Task description:
What you return should match the listing exactly, minus its images.
(Data shown begins)
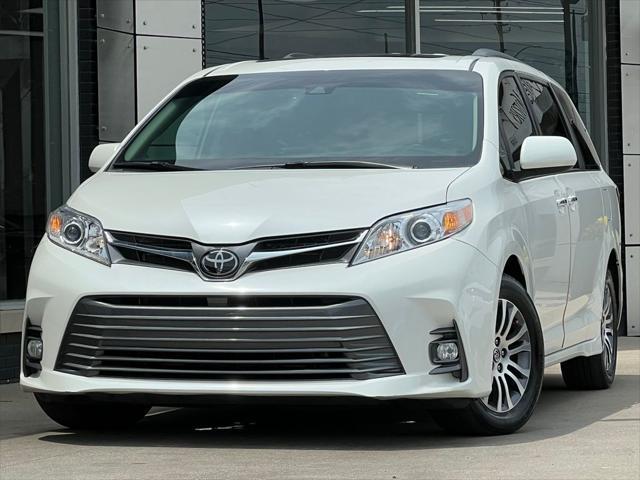 2019 Toyota Sienna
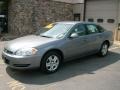 2006 Dark Silver Metallic Chevrolet Impala LT  photo #12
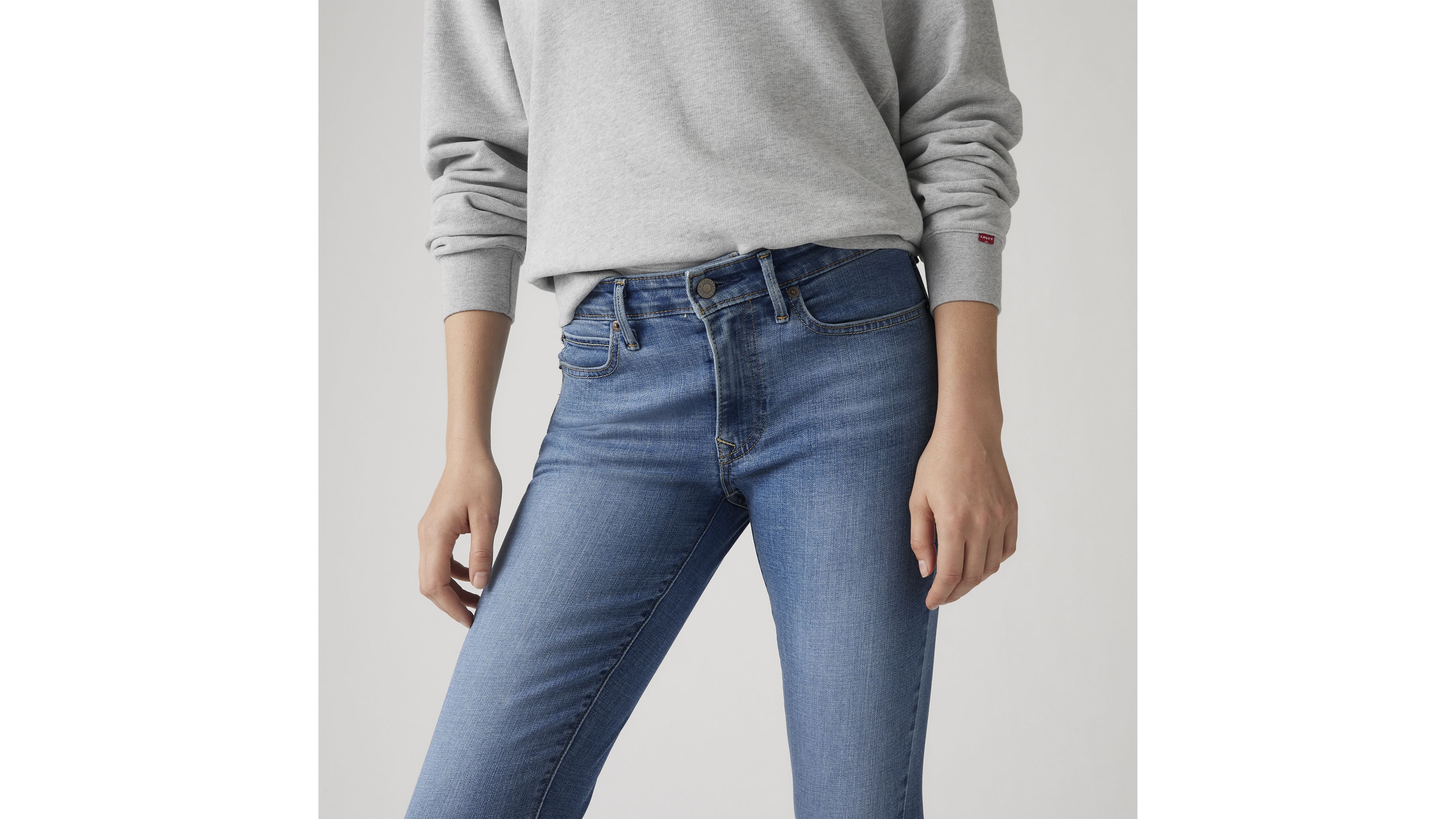 711 Skinny Women's Jeans 5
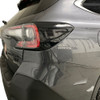 Dark Smoke 20% Side Tail Light Tint for Subaru Outback 2020, 2021, 2022, 2023, 2024, 2025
(Data shown ends)
Result:
 2019 Toyota Sienna
 2006 Dark Silver Metallic Chevrolet Impala LT  photo #12
 711 Skinny Women's Jeans 5
 Dark Smoke 20% Side Tail Light Tint for Subaru Outback 2020, 2021, 2022, 2023, 2024, 2025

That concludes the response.